The editorial studio behind the work. Founded in Atlanta in 2018, built around a single conviction: the organizations doing the most interesting work deserve stories told at the same level.
FRQNCY is built on one conviction: the studios doing the most interesting work are editorial operations that happen to produce — not production companies that occasionally have ideas.
Michelle Khouri is an award-winning executive producer, editor, and showrunner with 10+ years leading documentary storytelling across audio, video, and digital. Her work spans narrative podcasts, video series, and on-location productions for global brands, institutions, and independent projects.
She has led editorial production across the United States, Latin America, Asia, and the Middle East — managing distributed teams, complex logistics, and compressed timelines while maintaining narrative clarity at every stage.
Her work has received recognition from Digiday and Adweek, and she has EP'd for Jane Goodall, Diane von Furstenberg, and Alicia Silverstone.
FRQNCY is a done-for-you story company, based in Atlanta and with field production experience across 6 countries. Our team finds the story wherever in the world it is, then builds the anchor and produces every format across every platform.

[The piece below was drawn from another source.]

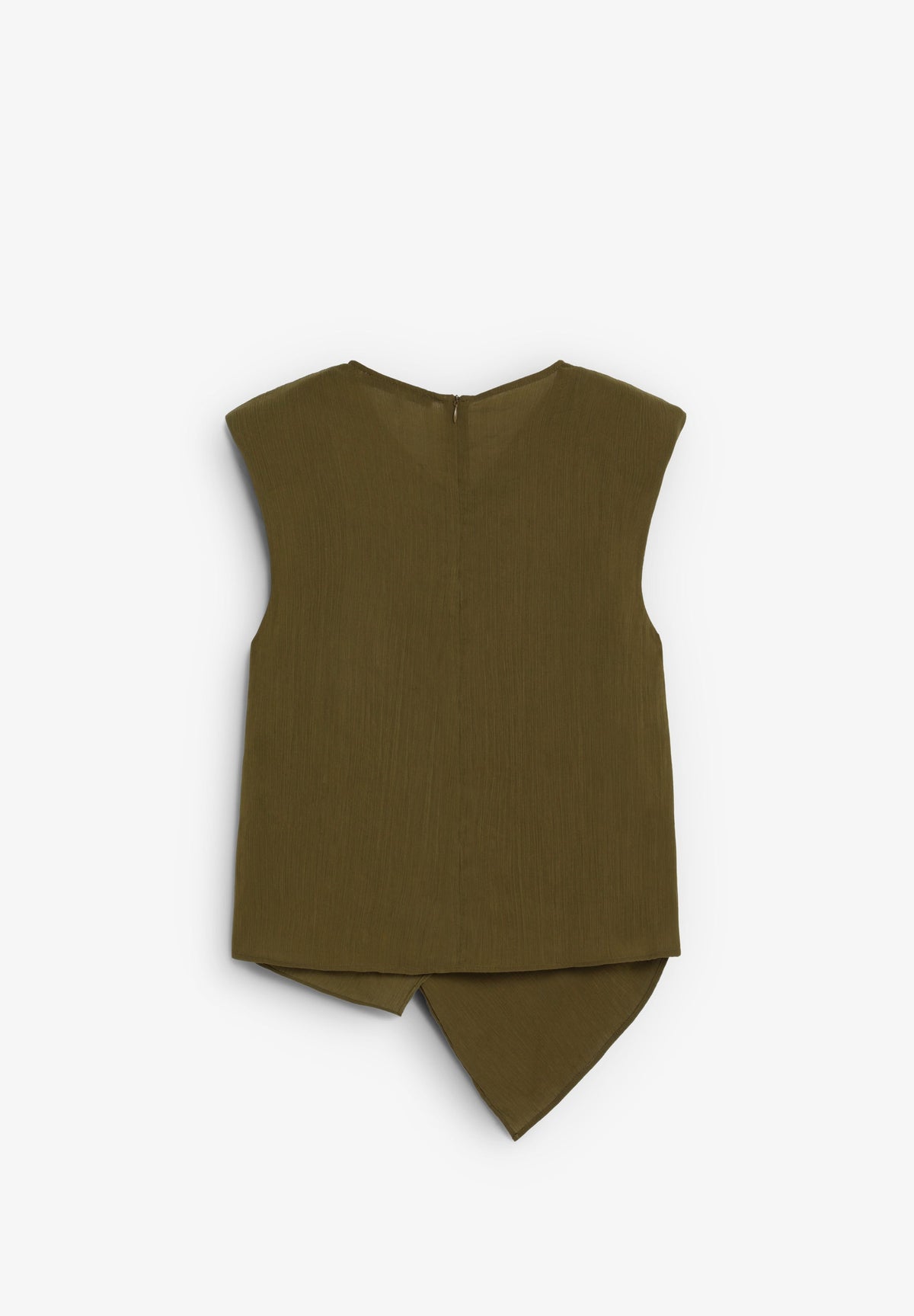 SCWRINKLE BRAID TOP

We partner with organizations navigating complex subjects, where clarity, context, and narrative judgment matter most. Our work spans public-facing series, internal storytelling, and original longform projects. Engagements range from full production leadership to editorial strategy and system design, depending on the needs and scale of the project.

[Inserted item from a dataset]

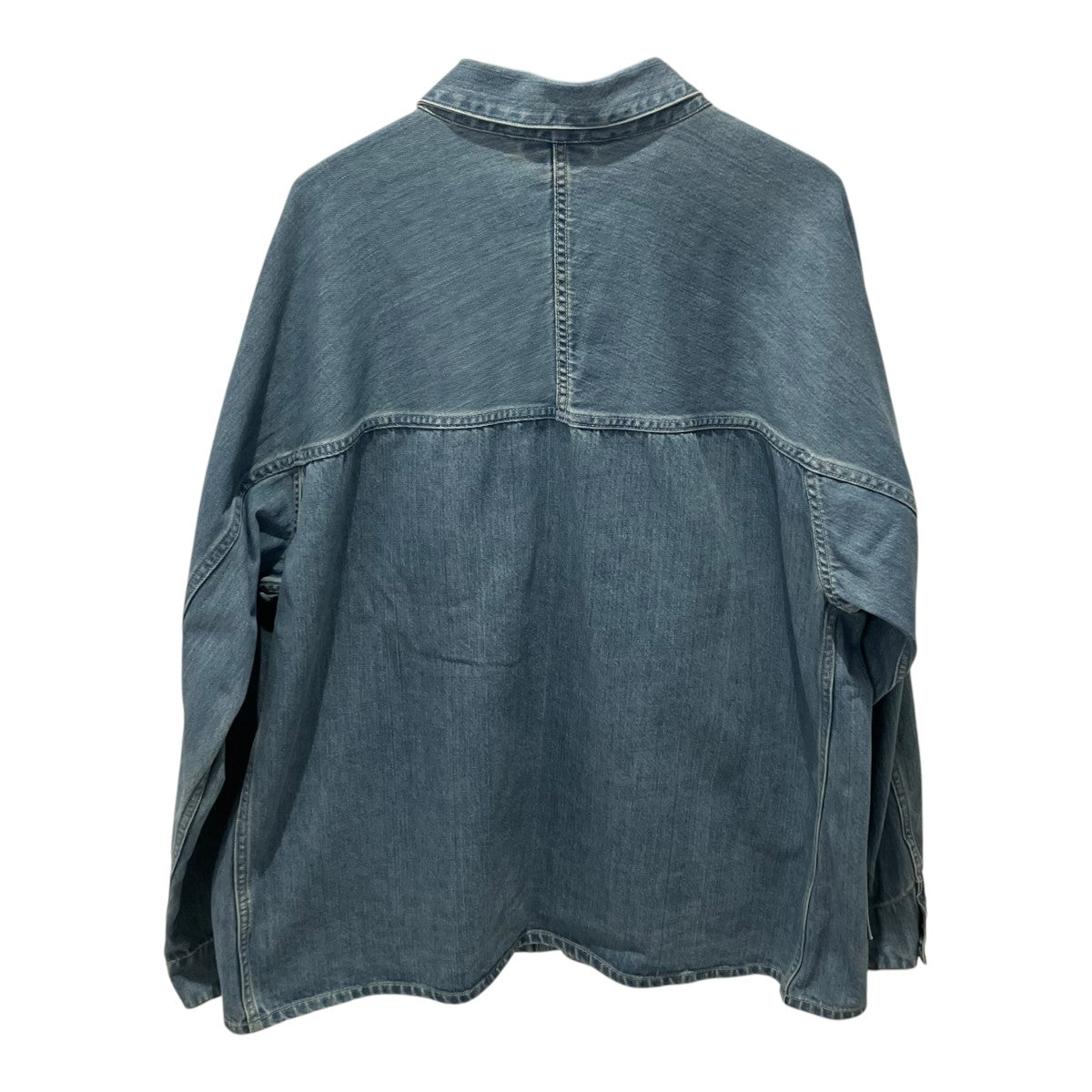 nanamica Denim Jacket INDIGO BLEACHカバーオールSUAS303 古着・中古-2枚目のアイテム画像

At FRQNCY, video and audio are equals. Visual storytelling is central to how audiences engage with information, while clarity depends on strong narrative structure and high-quality sound. Stories are developed with attention to structure, pacing, and restraint, ensuring that production choices offer understanding rather than distraction.

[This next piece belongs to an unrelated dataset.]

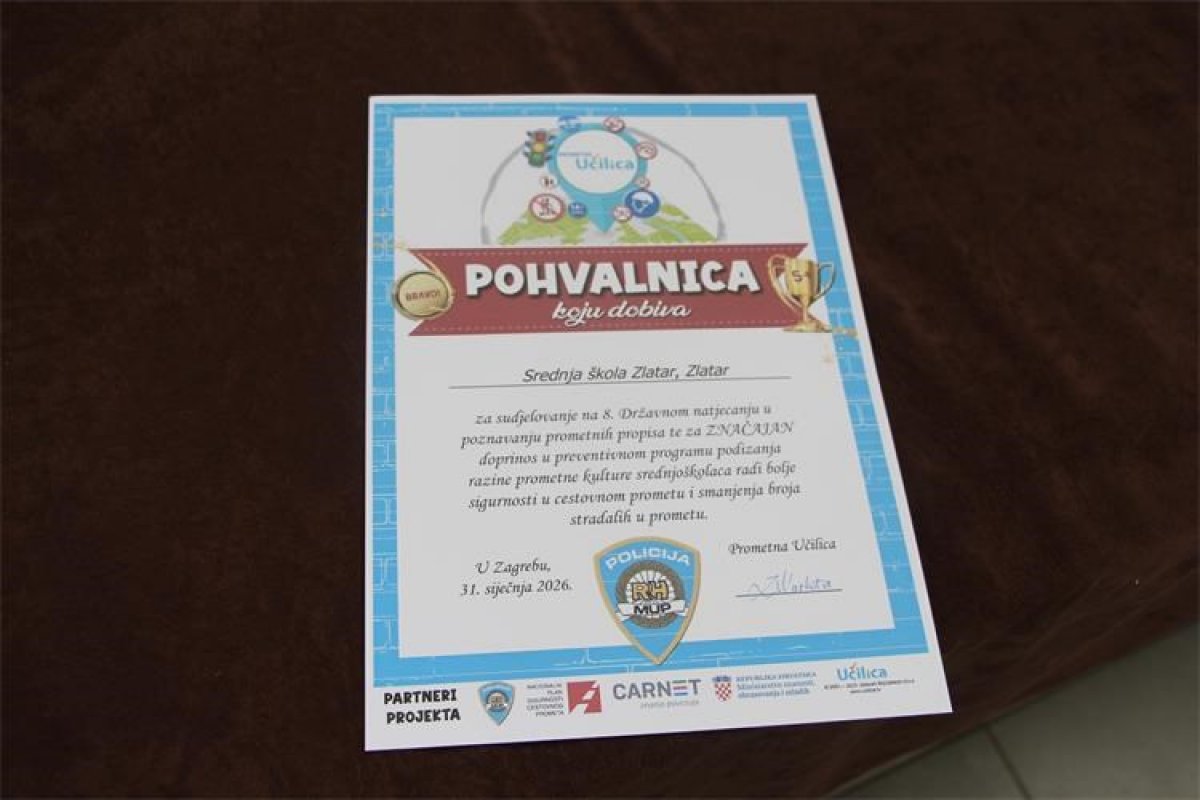 Zlatarski srednjoškolci trijumfirali na 'Prometnoj učilici' s 1106 riješenih ispita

The deliverable is always a consequence of the story, not the other way around. We've killed a lot of good briefs because the format wasn't the right answer for the question.
The standard for every piece of content: would this work without your logo on it? If not, it's not ready. Great editorial content earns the audience instead of buying it.
Vague content is invisible content. Every story has a specific claim, a specific subject, a specific audience. We push until the idea is sharp enough to cut.
You know what's happening at every stage, what you've approved, and what comes next. No surprises. No scope creep. No mystery deliverables three months in.
The true measure of editorial success is how our work moves its intended audience.